JERUSALEM (AP) — Israel approved the construction of 3,000 homes in Jewish settlements in the West Bank and east Jerusalem, a government official said today, drawing swift criticism from the Palestinians a day after their successful U.N. recognition bid.
The Palestinians strongly condemned the announcement and repeated their refusal to start peace negotiations while building continued. With Israeli Prime Minister Benjamin Netanyahu apparently poised for re-election and insisting that any negotiations begin without preconditions, prospects for peace appear to be going into deep freeze.
The unusually large building plan came a day after the United Nations voted overwhelmingly to accept a Palestinian state in the West Bank, the Gaza Strip and east Jerusalem as a nonmember observer state, setting off jubilant celebrations among Palestinians.
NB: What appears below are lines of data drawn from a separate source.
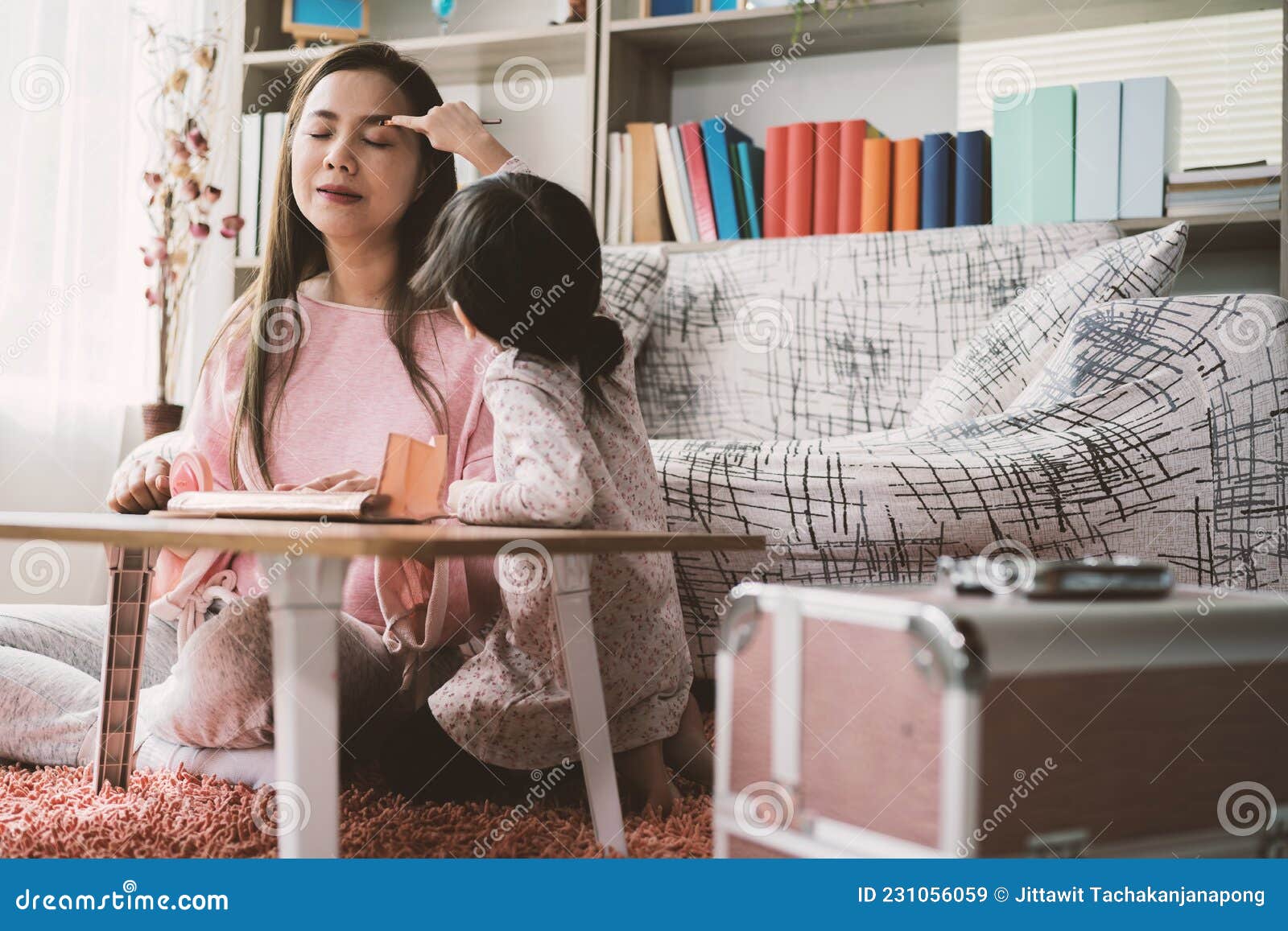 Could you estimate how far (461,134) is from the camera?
120cm

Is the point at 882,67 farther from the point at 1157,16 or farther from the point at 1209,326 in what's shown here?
the point at 1209,326

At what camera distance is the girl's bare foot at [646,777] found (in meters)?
1.14

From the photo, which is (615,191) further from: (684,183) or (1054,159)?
(1054,159)

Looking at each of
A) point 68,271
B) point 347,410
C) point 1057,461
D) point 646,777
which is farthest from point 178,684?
point 68,271

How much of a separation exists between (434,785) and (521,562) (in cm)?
29

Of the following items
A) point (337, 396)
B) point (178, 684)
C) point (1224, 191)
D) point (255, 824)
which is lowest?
point (255, 824)

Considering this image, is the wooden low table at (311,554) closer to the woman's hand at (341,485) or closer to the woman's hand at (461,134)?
the woman's hand at (341,485)

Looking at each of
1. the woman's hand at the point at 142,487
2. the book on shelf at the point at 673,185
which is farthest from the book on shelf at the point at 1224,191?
the woman's hand at the point at 142,487

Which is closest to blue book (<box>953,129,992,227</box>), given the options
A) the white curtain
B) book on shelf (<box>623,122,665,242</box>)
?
book on shelf (<box>623,122,665,242</box>)

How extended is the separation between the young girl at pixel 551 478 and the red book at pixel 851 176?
4.13 ft

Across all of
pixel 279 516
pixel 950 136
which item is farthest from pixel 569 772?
pixel 950 136

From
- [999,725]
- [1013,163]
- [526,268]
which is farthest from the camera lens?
[1013,163]

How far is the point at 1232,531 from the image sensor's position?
4.41ft

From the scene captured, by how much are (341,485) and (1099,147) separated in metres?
1.67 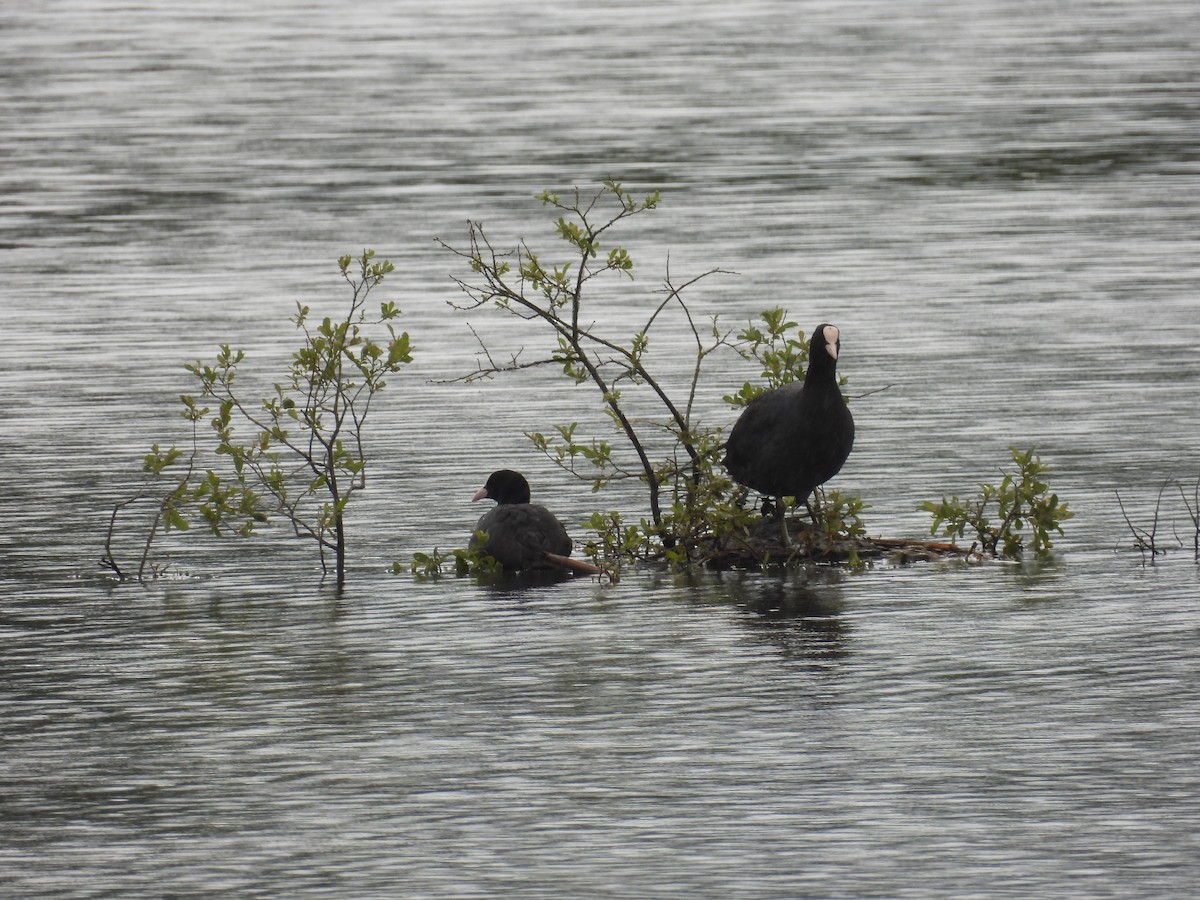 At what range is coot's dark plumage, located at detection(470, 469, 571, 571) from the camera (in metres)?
10.4

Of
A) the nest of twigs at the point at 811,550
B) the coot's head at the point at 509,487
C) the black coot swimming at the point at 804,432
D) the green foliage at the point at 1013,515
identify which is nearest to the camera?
the black coot swimming at the point at 804,432

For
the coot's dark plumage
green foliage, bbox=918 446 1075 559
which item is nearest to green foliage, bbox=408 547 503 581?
the coot's dark plumage

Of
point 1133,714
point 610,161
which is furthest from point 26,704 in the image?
point 610,161

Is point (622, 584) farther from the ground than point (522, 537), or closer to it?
closer to it

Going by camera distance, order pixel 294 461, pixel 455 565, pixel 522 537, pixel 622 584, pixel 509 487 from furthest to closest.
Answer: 1. pixel 294 461
2. pixel 509 487
3. pixel 455 565
4. pixel 522 537
5. pixel 622 584

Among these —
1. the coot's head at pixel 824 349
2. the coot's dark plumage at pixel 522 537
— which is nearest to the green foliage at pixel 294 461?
the coot's dark plumage at pixel 522 537

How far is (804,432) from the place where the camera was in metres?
10.1

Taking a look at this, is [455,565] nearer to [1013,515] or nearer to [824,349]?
[824,349]

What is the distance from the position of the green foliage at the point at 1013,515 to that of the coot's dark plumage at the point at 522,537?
161cm

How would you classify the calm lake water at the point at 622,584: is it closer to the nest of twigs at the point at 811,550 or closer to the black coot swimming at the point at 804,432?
the nest of twigs at the point at 811,550

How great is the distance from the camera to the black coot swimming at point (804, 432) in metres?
10.1

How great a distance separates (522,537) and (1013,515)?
2138mm

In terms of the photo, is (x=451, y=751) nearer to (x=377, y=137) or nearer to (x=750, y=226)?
(x=750, y=226)

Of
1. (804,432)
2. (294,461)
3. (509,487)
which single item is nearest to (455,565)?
(509,487)
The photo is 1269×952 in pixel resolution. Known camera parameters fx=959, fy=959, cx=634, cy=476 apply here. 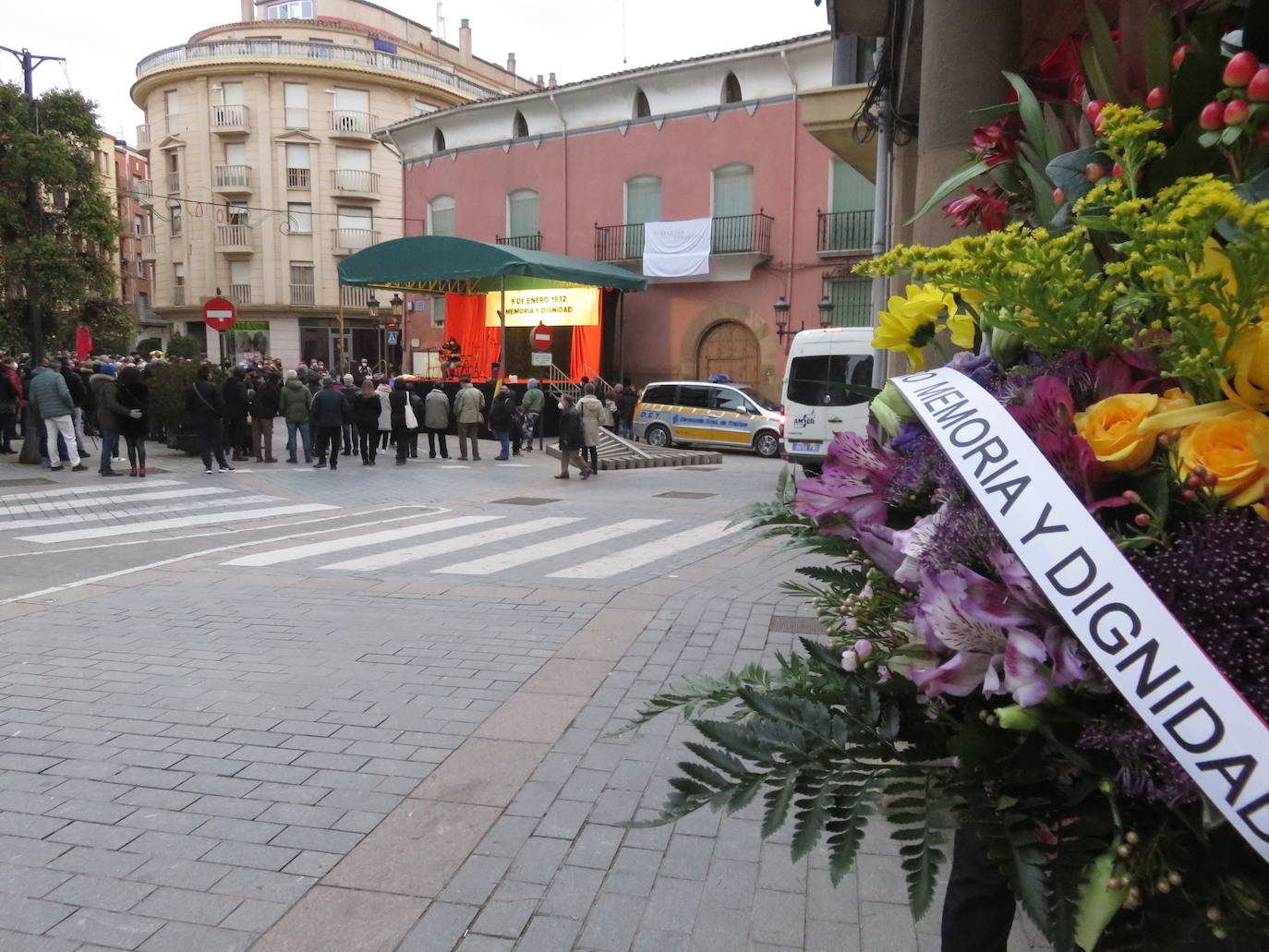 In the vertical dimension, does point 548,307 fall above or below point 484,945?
above

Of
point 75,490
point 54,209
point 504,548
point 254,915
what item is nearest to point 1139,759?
point 254,915

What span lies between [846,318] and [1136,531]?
996 inches

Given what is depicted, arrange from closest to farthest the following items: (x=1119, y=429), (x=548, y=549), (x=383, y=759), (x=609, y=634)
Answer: (x=1119, y=429)
(x=383, y=759)
(x=609, y=634)
(x=548, y=549)

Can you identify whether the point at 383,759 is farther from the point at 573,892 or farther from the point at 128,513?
the point at 128,513

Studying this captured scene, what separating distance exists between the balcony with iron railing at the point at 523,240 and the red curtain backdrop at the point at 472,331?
7.27 ft

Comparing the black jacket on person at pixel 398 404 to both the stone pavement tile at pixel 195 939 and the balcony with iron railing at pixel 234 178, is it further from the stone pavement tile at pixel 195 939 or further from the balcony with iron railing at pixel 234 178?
the balcony with iron railing at pixel 234 178

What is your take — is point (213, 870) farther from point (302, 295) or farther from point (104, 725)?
point (302, 295)

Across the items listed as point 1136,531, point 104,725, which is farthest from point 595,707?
point 1136,531

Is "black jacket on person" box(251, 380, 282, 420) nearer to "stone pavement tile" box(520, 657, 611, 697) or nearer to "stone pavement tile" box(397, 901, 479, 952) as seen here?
"stone pavement tile" box(520, 657, 611, 697)

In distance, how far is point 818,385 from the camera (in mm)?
15547

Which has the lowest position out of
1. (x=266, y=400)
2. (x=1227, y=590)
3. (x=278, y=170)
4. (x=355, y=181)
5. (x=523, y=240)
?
(x=266, y=400)

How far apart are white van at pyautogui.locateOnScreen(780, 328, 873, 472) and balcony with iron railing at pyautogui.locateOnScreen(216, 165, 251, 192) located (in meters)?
36.7

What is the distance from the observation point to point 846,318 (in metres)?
25.6

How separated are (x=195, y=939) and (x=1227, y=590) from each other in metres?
2.79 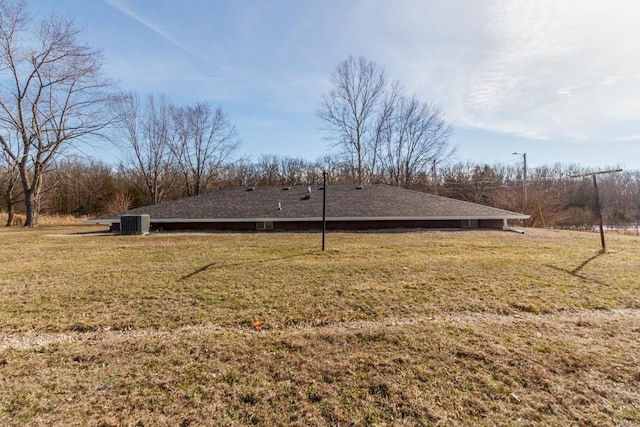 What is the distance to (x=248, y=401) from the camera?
2326mm

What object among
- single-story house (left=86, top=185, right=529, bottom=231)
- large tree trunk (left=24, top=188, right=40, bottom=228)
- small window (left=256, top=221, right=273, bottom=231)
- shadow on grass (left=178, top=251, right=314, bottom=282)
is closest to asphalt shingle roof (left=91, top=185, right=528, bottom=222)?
single-story house (left=86, top=185, right=529, bottom=231)

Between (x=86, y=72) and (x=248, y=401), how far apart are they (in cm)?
2853

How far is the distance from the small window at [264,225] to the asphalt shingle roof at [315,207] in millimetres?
302

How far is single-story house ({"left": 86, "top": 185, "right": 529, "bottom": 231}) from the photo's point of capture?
51.1ft

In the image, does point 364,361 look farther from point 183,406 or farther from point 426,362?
point 183,406

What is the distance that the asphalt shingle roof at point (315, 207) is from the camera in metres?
15.7

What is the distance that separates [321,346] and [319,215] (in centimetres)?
1231

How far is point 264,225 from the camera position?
633 inches

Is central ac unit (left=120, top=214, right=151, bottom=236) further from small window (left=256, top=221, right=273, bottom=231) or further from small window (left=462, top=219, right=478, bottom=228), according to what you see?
small window (left=462, top=219, right=478, bottom=228)

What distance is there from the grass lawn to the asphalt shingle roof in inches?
357

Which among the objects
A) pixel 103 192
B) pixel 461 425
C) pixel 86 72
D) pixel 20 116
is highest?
pixel 86 72

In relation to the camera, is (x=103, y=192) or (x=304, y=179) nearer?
(x=103, y=192)

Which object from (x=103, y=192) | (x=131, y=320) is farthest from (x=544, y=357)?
(x=103, y=192)

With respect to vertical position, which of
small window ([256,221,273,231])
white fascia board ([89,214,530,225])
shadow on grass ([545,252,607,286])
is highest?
white fascia board ([89,214,530,225]) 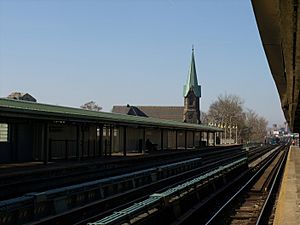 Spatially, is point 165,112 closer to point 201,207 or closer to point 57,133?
point 57,133

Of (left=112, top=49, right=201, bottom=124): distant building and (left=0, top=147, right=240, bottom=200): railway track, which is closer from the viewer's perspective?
(left=0, top=147, right=240, bottom=200): railway track

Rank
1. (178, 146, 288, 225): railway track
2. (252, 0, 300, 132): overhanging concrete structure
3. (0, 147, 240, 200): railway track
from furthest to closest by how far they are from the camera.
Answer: (0, 147, 240, 200): railway track < (178, 146, 288, 225): railway track < (252, 0, 300, 132): overhanging concrete structure

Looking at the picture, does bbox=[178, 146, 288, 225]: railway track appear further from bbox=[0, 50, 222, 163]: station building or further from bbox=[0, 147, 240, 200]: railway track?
bbox=[0, 50, 222, 163]: station building

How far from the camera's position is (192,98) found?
124562 millimetres

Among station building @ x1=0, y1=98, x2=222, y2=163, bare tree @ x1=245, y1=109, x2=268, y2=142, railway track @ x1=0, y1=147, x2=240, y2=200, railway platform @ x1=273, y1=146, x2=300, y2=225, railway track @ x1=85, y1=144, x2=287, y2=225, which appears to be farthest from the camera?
bare tree @ x1=245, y1=109, x2=268, y2=142

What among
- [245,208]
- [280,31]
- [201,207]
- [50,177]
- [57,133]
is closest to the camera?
[280,31]

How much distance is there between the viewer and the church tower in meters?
123

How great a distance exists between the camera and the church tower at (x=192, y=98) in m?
123

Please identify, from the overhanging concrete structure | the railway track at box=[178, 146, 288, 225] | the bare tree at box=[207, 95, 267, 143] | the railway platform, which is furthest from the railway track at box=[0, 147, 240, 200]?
the bare tree at box=[207, 95, 267, 143]

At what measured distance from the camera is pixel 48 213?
1282 centimetres

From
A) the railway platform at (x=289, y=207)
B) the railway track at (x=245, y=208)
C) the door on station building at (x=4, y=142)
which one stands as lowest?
Answer: the railway track at (x=245, y=208)

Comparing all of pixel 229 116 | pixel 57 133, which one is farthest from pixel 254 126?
pixel 57 133

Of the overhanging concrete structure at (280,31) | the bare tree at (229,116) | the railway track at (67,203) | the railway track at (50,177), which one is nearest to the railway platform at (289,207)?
the overhanging concrete structure at (280,31)

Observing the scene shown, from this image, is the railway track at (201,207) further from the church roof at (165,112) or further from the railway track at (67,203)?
the church roof at (165,112) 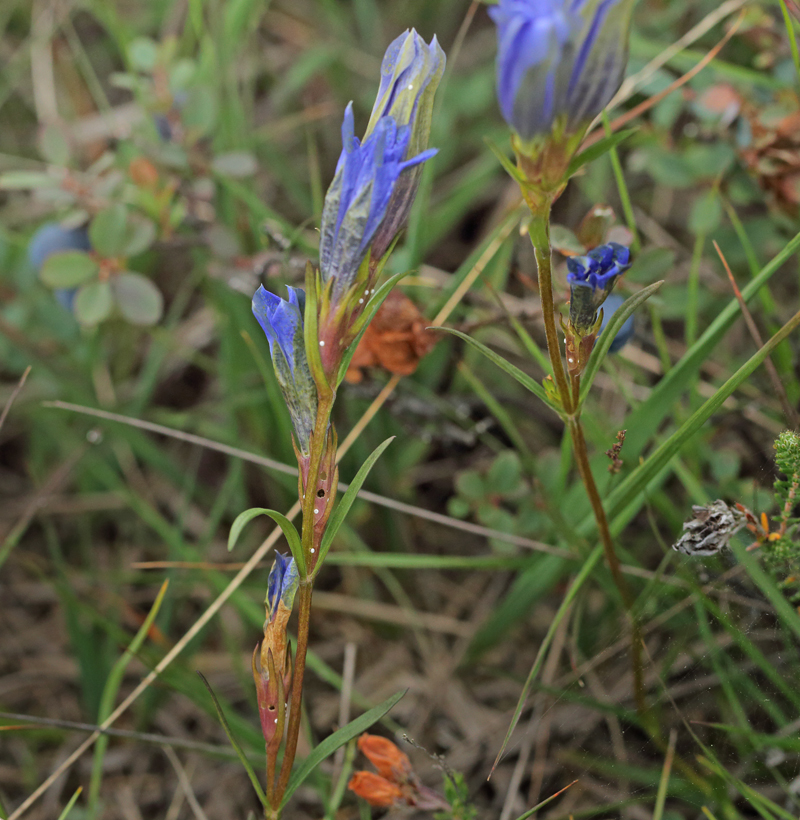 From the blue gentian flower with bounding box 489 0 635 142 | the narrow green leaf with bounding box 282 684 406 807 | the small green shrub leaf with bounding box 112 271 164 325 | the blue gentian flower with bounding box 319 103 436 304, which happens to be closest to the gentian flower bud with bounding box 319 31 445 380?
the blue gentian flower with bounding box 319 103 436 304

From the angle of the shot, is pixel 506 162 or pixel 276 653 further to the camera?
pixel 276 653

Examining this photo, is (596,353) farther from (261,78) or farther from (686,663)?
(261,78)

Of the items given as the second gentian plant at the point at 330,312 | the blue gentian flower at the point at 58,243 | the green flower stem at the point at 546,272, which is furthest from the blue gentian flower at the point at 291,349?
the blue gentian flower at the point at 58,243

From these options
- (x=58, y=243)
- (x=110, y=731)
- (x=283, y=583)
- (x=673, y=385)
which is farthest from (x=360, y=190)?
(x=58, y=243)

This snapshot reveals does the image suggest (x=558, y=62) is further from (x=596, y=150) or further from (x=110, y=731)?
(x=110, y=731)

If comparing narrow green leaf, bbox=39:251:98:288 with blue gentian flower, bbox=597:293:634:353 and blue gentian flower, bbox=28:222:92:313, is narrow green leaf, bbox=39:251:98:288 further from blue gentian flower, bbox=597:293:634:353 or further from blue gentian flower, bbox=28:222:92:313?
blue gentian flower, bbox=597:293:634:353

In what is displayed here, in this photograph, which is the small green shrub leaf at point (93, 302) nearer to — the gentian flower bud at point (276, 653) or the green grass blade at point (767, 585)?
the gentian flower bud at point (276, 653)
Israel fiercely objected to the U.N. upgrade, saying peace could only come from direct negotiations and unilateral moves would harm that prospect. The Palestinians said the U.N. recognition of a Palestinian state in the territories captured by Israel in the 1967 Mideast war was an attempt to salvage a possible peace deal and could bolster talks.
Palestinian President Mahmoud Abbas has refused to negotiate with Israeli while settlement construction continues in occupied territories, saying Israel's settlement expansion on war-won land was making a partition deal increasingly difficult.